Source information Block Start

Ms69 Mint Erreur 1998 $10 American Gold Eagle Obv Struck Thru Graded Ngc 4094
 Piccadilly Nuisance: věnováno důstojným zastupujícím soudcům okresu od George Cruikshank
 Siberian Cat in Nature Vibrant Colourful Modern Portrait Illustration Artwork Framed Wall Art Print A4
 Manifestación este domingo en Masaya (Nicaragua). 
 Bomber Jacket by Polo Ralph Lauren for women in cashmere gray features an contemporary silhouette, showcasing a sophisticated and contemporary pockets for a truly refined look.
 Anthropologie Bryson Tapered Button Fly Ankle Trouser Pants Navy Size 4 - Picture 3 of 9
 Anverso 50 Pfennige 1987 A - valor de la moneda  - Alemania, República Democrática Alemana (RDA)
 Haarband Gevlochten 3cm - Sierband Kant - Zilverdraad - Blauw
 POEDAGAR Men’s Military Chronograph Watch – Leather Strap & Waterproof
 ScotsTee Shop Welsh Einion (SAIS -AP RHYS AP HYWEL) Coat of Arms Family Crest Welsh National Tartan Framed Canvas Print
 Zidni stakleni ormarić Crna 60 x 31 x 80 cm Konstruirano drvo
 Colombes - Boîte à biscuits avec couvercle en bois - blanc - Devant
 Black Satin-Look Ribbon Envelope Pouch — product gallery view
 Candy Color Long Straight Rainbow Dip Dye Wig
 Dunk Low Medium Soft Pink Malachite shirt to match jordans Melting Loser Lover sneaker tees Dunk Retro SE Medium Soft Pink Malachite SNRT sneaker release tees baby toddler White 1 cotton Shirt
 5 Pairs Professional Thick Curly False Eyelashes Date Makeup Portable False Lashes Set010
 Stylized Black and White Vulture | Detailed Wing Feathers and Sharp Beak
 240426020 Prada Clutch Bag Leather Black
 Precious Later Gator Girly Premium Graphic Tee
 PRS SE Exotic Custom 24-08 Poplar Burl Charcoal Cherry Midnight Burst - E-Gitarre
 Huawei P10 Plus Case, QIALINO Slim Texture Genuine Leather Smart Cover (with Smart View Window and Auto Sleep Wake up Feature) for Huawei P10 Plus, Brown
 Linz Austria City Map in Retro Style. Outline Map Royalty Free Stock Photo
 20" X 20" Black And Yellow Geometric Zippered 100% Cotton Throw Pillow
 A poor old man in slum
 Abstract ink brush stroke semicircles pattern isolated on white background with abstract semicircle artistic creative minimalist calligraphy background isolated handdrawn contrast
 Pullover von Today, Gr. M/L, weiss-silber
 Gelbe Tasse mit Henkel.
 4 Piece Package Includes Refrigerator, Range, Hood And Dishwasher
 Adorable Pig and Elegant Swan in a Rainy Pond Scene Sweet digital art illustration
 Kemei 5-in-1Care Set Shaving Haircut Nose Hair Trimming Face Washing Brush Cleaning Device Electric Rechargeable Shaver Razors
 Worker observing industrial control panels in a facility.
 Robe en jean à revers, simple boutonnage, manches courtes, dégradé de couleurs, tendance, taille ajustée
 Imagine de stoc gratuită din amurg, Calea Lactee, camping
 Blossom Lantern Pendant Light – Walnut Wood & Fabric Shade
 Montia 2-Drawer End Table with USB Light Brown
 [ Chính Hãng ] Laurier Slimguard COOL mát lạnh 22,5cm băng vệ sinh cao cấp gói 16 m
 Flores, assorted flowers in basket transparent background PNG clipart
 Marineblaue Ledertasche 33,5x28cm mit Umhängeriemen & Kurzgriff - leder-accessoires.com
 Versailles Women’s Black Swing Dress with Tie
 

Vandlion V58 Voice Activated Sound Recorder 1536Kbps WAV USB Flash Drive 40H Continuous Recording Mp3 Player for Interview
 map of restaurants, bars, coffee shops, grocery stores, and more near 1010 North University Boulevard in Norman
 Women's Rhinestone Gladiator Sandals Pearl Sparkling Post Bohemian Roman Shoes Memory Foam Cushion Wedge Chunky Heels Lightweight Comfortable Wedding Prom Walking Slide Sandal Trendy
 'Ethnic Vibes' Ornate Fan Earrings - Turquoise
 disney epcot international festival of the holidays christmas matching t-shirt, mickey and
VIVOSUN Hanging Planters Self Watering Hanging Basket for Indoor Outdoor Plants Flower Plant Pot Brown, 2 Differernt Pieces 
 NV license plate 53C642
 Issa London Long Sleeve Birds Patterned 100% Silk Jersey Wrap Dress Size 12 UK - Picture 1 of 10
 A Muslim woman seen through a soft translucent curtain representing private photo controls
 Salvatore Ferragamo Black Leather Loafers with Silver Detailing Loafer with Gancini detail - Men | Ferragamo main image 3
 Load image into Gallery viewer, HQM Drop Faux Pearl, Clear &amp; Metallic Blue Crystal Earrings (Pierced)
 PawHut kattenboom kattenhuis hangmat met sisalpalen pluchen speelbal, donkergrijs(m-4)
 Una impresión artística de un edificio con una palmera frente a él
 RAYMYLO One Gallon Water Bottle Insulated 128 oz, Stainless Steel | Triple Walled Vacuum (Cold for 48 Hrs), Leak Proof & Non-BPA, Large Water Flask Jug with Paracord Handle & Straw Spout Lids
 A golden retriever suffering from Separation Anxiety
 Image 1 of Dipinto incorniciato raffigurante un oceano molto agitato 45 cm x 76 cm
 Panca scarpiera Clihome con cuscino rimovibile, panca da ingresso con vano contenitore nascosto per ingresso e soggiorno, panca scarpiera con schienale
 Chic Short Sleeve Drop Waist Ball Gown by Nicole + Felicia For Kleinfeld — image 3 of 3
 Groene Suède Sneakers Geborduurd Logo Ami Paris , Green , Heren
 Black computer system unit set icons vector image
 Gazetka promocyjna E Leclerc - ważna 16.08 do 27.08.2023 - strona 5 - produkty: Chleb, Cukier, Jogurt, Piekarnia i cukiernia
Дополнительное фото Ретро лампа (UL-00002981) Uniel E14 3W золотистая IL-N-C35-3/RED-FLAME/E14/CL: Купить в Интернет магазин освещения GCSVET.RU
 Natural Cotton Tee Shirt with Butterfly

Source information Block End

**Goal of the exercise**. The lines from the top of the data above down to the line containing "Cotton Throw Pillow" are to be copied exactly; no other line should appear.

**Exercise solution**.
Ms69 Mint Erreur 1998 $10 American Gold Eagle Obv Struck Thru Graded Ngc 4094
 Piccadilly Nuisance: věnováno důstojným zastupujícím soudcům okresu od George Cruikshank
 Siberian Cat in Nature Vibrant Colourful Modern Portrait Illustration Artwork Framed Wall Art Print A4
 Manifestación este domingo en Masaya (Nicaragua). 
 Bomber Jacket by Polo Ralph Lauren for women in cashmere gray features an contemporary silhouette, showcasing a sophisticated and contemporary pockets for a truly refined look.
 Anthropologie Bryson Tapered Button Fly Ankle Trouser Pants Navy Size 4 - Picture 3 of 9
 Anverso 50 Pfennige 1987 A - valor de la moneda  - Alemania, República Democrática Alemana (RDA)
 Haarband Gevlochten 3cm - Sierband Kant - Zilverdraad - Blauw
 POEDAGAR Men’s Military Chronograph Watch – Leather Strap & Waterproof
 ScotsTee Shop Welsh Einion (SAIS -AP RHYS AP HYWEL) Coat of Arms Family Crest Welsh National Tartan Framed Canvas Print
 Zidni stakleni ormarić Crna 60 x 31 x 80 cm Konstruirano drvo
 Colombes - Boîte à biscuits avec couvercle en bois - blanc - Devant
 Black Satin-Look Ribbon Envelope Pouch — product gallery view
 Candy Color Long Straight Rainbow Dip Dye Wig
 Dunk Low Medium Soft Pink Malachite shirt to match jordans Melting Loser Lover sneaker tees Dunk Retro SE Medium Soft Pink Malachite SNRT sneaker release tees baby toddler White 1 cotton Shirt
 5 Pairs Professional Thick Curly False Eyelashes Date Makeup Portable False Lashes Set010
 Stylized Black and White Vulture | Detailed Wing Feathers and Sharp Beak
 240426020 Prada Clutch Bag Leather Black
 Precious Later Gator Girly Premium Graphic Tee
 PRS SE Exotic Custom 24-08 Poplar Burl Charcoal Cherry Midnight Burst - E-Gitarre
 Huawei P10 Plus Case, QIALINO Slim Texture Genuine Leather Smart Cover (with Smart View Window and Auto Sleep Wake up Feature) for Huawei P10 Plus, Brown
 Linz Austria City Map in Retro Style. Outline Map Royalty Free Stock Photo
 20" X 20" Black And Yellow Geometric Zippered 100% Cotton Throw Pillow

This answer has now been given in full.